**Work instruction:** Please write out, exactly as given, every line of the entries below up to and including the line with "Часы настенные интерьерные".

Exercise data: Begin

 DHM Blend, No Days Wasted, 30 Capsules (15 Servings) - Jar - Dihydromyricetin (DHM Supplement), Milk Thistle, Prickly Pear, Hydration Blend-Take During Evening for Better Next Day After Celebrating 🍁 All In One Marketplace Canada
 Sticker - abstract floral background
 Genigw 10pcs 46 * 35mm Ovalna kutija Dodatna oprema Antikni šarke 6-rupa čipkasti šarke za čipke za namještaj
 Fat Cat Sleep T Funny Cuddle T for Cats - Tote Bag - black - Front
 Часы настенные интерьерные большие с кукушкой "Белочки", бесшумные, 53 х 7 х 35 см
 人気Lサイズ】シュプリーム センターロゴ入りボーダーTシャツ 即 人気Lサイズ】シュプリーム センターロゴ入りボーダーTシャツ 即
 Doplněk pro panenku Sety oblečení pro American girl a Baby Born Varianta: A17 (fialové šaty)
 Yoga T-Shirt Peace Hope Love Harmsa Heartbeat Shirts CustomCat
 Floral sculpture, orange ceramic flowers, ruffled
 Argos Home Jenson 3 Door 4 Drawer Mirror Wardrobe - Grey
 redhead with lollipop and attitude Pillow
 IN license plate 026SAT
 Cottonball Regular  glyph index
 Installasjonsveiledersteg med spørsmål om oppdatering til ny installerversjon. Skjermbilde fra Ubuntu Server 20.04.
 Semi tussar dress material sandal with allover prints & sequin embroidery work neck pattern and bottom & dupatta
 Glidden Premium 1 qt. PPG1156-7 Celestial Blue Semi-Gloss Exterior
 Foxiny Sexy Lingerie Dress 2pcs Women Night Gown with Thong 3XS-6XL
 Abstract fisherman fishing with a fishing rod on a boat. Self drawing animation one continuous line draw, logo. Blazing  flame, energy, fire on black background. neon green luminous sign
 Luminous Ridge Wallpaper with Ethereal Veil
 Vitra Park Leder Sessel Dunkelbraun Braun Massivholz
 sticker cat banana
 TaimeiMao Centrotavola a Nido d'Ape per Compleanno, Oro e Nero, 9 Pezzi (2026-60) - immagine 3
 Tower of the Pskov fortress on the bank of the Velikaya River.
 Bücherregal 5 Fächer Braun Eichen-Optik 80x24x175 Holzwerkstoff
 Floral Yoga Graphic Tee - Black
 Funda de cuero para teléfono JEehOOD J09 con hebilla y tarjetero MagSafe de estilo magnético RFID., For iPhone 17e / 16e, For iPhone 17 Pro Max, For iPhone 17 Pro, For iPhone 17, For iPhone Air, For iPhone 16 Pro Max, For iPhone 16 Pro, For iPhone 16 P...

Exercise data: End

**Expected answer:**
 DHM Blend, No Days Wasted, 30 Capsules (15 Servings) - Jar - Dihydromyricetin (DHM Supplement), Milk Thistle, Prickly Pear, Hydration Blend-Take During Evening for Better Next Day After Celebrating 🍁 All In One Marketplace Canada
 Sticker - abstract floral background
 Genigw 10pcs 46 * 35mm Ovalna kutija Dodatna oprema Antikni šarke 6-rupa čipkasti šarke za čipke za namještaj
 Fat Cat Sleep T Funny Cuddle T for Cats - Tote Bag - black - Front
 Часы настенные интерьерные большие с кукушкой "Белочки", бесшумные, 53 х 7 х 35 см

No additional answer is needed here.